Re: hannah and david: woods
She smiled at him. "He saw what he wanted me to be," she said. "It's like that a lot, I think," she said, "at least for me. I think maybe I'm a blank," she said, slipping her arm through his, if he allowed it, and walking slow and lazy, syrup in footsteps, thoughtful. Muse, muse, muse. "I think maybe I'm a blank, and people see me and think they can paint me whatever colors they like. Or maybe I'm a blank, and people can assume I'm anything and everything. But, either way, it's not me," she agreed with a small nod. "But I'm not waiting for anything to come. I have been. I waited and waited and waited, but I have what I want now. Don't ask, though. It's mine. My secret," she explained, and it was more than she would say to anyone else, really; she trusted David.

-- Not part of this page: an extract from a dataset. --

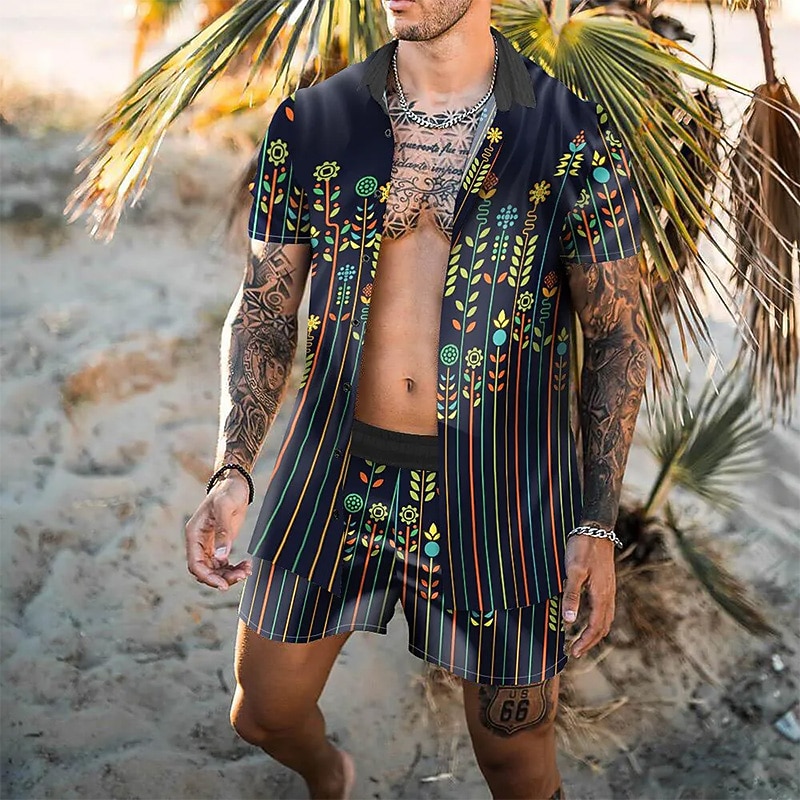 Men's Floral 2pcs Shirts Sets Summer Hawaiian Shirt Short Sleeve Short Pants Turndown Tropical Fashion Hawaiian Casual Holiday Beach Print Summer Spring Black White Yellow3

And a laugh, a bright one, and perhaps that, too, was oddity and incongruity beneath moonlight. "The man with the shoe wasn't really a man," she said, and he hadn't been. "But I killed Marcus. I shot him. I knew I was going to do it. I woke up that morning, and I knew that was going to be the morning, and I didn't shoot him in the back. I didn't do it when he was asleep. I waited until he woke up. I wanted to see his face," she said. "I wanted to see the lights go out. I don't think I would've believed it otherwise. And I did it outside, so he wouldn't taint the house. It wasn't a bad house," she continued, as if these whispers in the dark were nothing to hide.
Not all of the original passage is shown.